Cuando el Señor Jesús lleva a sus discípulos a Cesarea de Filipo ha llegado a la etapa final de su ministerio. Probablemente ya han transcurrido tres años, y quedan sólo unos pocos meses por delante. Él ve que es el momento de confrontar a sus discípulos con su verdadera identidad: ¿Quién es el Hijo del Hombre?
En el diálogo que sostiene con ellos queda muy claro que las multitudes no le conocen. Las respuestas son variadas y todas ellas erradas. Pero, ¿qué de los discípulos? Cuando él les hace la pregunta a ellos, pareciera que enmudecen. No hay registro de alguna respuesta de ellos.
¿Se habrá producido un largo y embarazoso silencio? ¿Estupor? ¿Habrá debido el Padre intervenir para salvar a los discípulos de una vergüenza mayor? Pedro interviene para decir lo que no tenía en su corazón; lo que ningún hombre puede saber por sí mismo con respecto a Jesús. La respuesta de Pedro es la respuesta de Dios, no del hombre.
Jesús era un desconocido para ellos, pese a que frecuentaron su compañía por muchos días. Estaban cerca de él físicamente, pero no de corazón – no le conocían. Por eso, aquel momento debe de haber sido de tristeza para el Señor – uno más que vivía a causa de los discípulos.

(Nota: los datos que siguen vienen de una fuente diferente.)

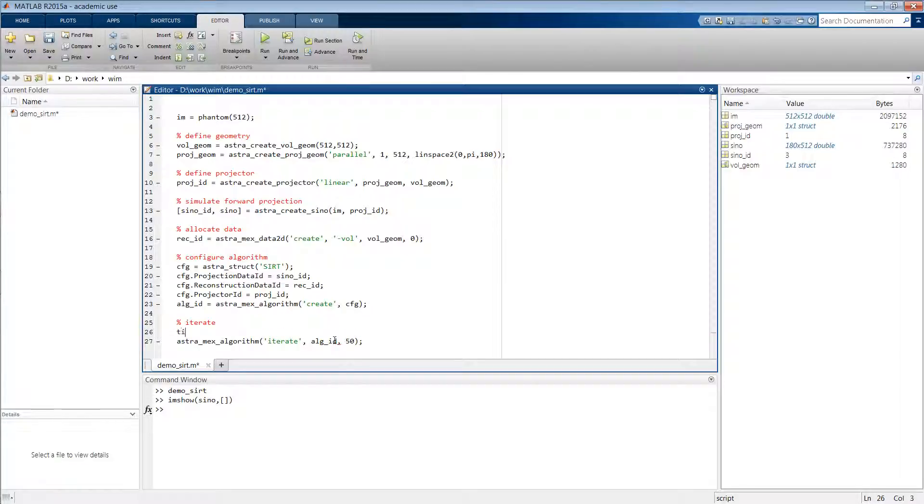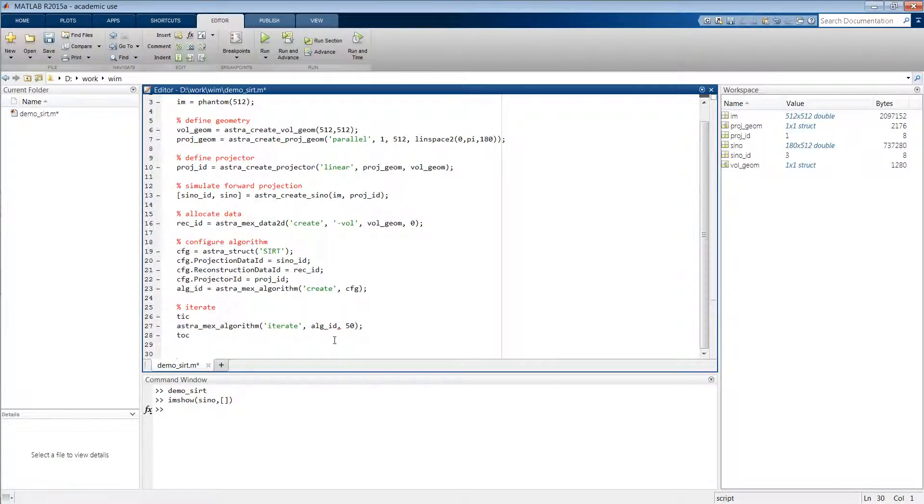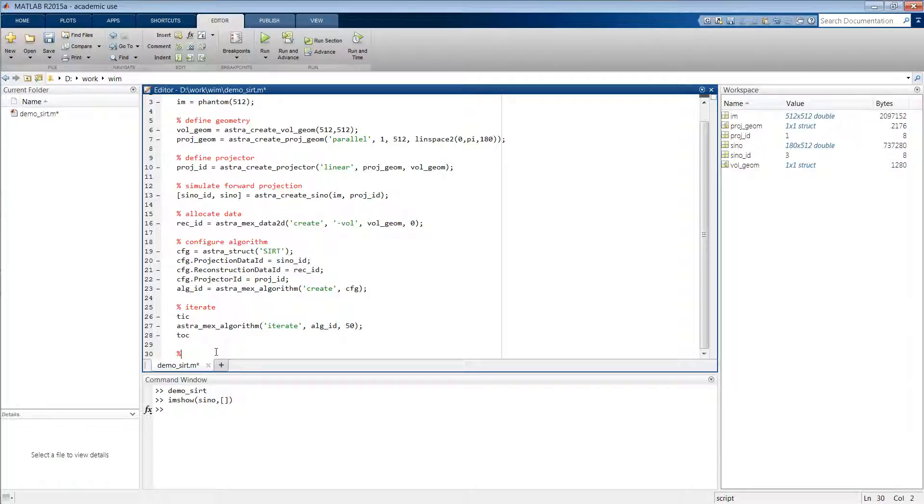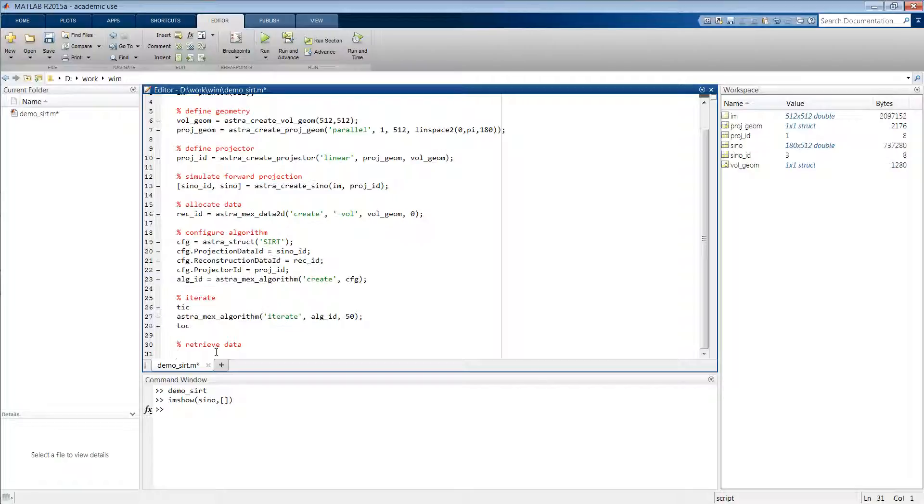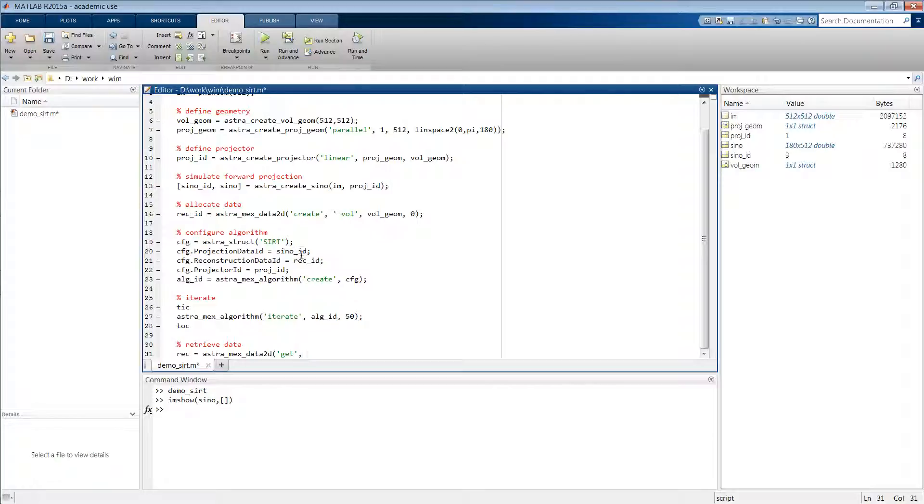Also we will write tic-toc around this function so we can time how long it takes. So then after this iterative process we still have to retrieve the reconstructed volume data into the MATLAB memory. So we'll type astra_mex_data2d('get'), the data that is stored in this object.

Pero hoy, ¿es diferente? Muchos hay que frecuentan con demasiada frecuencia los altares, sin conocerle. Muchos hay que observan alambicadas formas de piedad, sin saber quién está detrás de ellas. Suelen usar formas buenas para hablar de ello, pero no pueden hablar de él como de alguien conocido, porque no lo es.
Usan formas convencionales, pero nada vivo y real. Ellos no pueden decir que se convirtieron a Cristo, sino «al cristianismo»; no pueden decir que conocen a Jesús, sino «el evangelio», no siguen a Cristo, sino «la religión …» – y le ponen un apellido. No pueden decir que están en Cristo, sino que asisten a «las reuniones»; ellos no conocen al Señor, sino vagamente «a Dios». ¿Qué significa esto? Que todavía hoy, igual que ayer, Cristo es un desconocido.